• **INSTRUCTIONS TO FOLLOW**
For each line in the records that contains "Premium", make a copy.

*** Opening RECORDS TO PROCESS ***

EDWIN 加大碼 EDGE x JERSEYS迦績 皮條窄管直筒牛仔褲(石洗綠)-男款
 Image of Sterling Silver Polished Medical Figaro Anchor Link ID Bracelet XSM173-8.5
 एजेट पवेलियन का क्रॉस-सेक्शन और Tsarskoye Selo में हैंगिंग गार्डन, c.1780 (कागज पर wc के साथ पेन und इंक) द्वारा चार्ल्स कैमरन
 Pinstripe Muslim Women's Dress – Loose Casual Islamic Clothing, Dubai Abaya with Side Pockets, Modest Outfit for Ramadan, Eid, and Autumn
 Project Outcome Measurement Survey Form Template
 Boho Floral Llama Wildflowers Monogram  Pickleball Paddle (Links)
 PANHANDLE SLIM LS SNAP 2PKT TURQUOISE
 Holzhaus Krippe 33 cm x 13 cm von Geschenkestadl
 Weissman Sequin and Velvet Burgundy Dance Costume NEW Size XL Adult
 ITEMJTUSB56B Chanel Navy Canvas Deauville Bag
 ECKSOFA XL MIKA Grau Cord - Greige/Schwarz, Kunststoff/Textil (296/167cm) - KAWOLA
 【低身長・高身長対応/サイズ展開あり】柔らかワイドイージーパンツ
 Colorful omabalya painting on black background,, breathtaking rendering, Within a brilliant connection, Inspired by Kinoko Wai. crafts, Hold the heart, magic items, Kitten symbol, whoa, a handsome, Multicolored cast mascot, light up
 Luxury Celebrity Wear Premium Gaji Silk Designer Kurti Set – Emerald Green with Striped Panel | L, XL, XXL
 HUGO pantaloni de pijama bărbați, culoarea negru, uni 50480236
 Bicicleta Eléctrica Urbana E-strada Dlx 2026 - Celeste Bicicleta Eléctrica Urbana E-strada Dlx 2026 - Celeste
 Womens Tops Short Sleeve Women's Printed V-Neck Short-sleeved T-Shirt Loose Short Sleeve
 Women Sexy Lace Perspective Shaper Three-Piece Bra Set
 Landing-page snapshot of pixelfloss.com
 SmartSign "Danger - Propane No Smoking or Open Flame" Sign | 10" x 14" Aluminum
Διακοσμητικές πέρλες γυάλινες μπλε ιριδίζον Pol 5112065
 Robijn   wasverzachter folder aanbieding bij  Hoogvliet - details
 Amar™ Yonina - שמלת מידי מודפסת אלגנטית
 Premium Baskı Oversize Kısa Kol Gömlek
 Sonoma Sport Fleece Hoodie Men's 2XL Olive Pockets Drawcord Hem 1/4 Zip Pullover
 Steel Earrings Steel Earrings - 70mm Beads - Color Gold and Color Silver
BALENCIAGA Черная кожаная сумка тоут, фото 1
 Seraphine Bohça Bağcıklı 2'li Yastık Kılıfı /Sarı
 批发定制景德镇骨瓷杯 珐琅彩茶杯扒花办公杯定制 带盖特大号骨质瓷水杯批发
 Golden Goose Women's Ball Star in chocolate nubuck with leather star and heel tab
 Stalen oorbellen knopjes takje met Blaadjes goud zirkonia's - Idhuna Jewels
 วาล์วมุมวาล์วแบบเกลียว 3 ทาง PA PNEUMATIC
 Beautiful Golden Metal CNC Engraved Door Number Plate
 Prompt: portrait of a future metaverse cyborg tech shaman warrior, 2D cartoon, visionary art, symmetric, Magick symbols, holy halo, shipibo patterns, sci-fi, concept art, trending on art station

*** Closing RECORDS TO PROCESS ***

• **TASK OUTPUT**
 Luxury Celebrity Wear Premium Gaji Silk Designer Kurti Set – Emerald Green with Striped Panel | L, XL, XXL
 Premium Baskı Oversize Kısa Kol Gömlek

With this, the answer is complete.